In the records below, begin at the line that has "广州番禺职业技术学院PPT模板下载_幻灯片预览图9" and stop after the line that has "UNIQLO(ユニクロ)のU"; quote those lines verbatim and nothing more.

Records provided =>
####################
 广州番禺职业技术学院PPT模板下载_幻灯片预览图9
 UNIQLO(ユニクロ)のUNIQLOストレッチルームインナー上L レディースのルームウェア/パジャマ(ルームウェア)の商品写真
####################
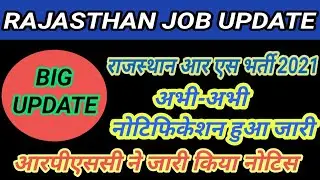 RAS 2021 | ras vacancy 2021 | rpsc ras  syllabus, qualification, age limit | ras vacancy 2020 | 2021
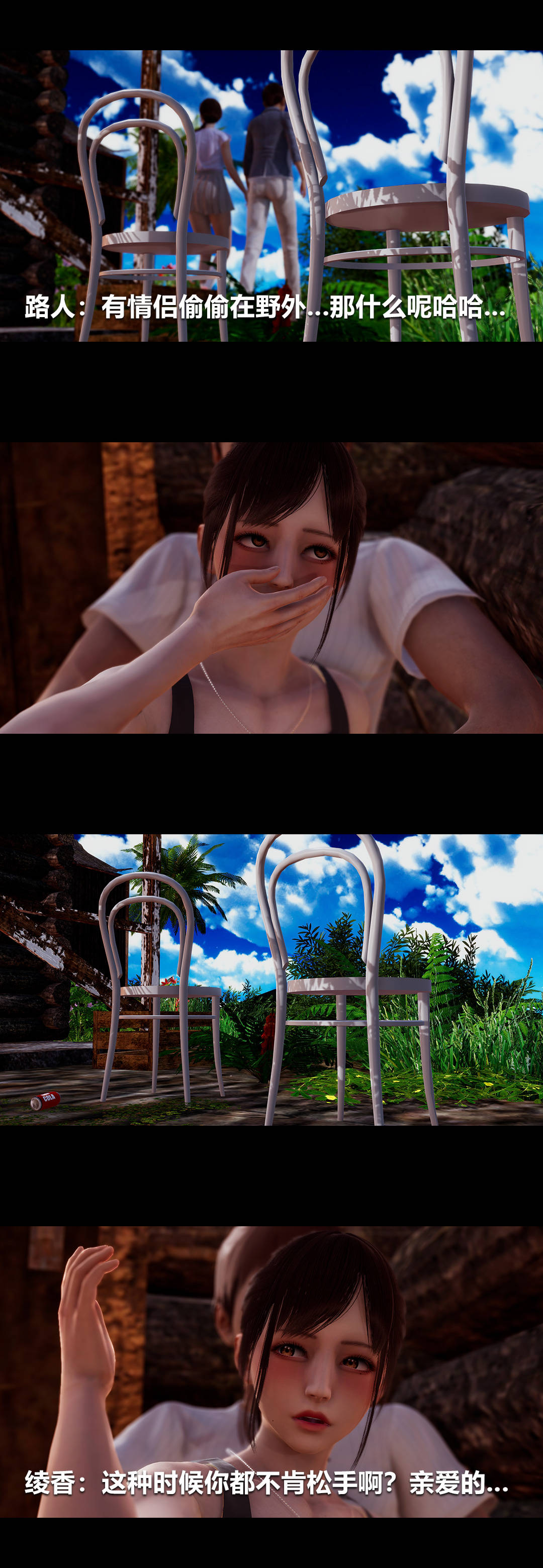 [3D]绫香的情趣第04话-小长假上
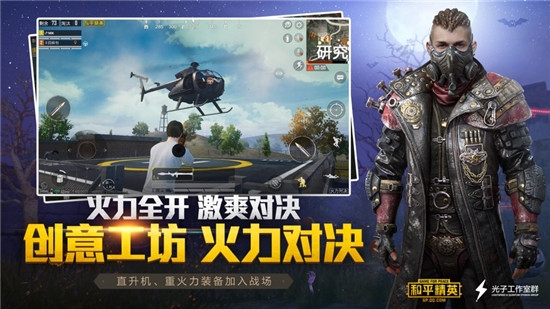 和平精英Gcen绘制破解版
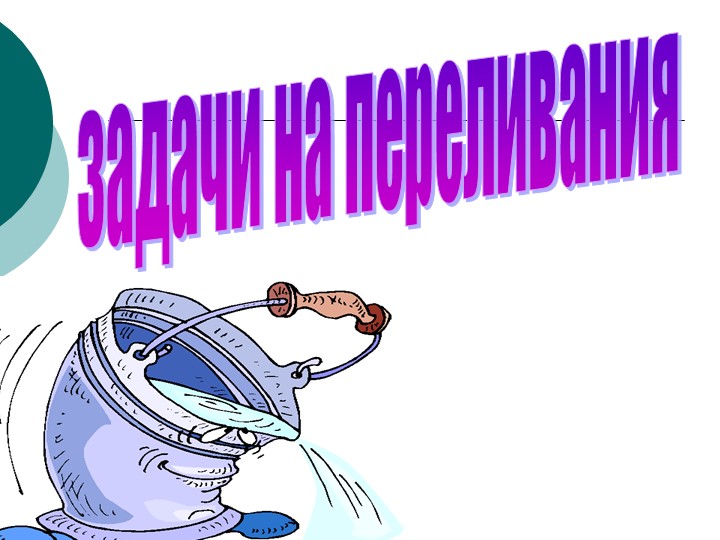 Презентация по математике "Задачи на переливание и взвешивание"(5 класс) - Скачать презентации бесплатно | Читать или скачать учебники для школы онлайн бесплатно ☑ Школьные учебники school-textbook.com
####################
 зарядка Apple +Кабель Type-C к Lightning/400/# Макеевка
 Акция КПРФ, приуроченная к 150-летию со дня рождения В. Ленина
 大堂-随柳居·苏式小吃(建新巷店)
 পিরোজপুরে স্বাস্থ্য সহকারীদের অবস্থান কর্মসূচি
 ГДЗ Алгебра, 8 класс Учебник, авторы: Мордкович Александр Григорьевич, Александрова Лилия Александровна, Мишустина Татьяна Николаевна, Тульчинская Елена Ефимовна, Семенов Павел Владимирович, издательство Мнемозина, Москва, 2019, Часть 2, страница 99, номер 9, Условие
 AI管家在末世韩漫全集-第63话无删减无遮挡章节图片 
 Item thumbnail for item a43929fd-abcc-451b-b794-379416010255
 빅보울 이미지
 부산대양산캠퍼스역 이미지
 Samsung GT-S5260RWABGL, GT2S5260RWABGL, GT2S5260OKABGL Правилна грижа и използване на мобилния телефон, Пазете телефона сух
####################
Answer below =>
 广州番禺职业技术学院PPT模板下载_幻灯片预览图9
 UNIQLO(ユニクロ)のUNIQLOストレッチルームインナー上L レディースのルームウェア/パジャマ(ルームウェア)の商品写真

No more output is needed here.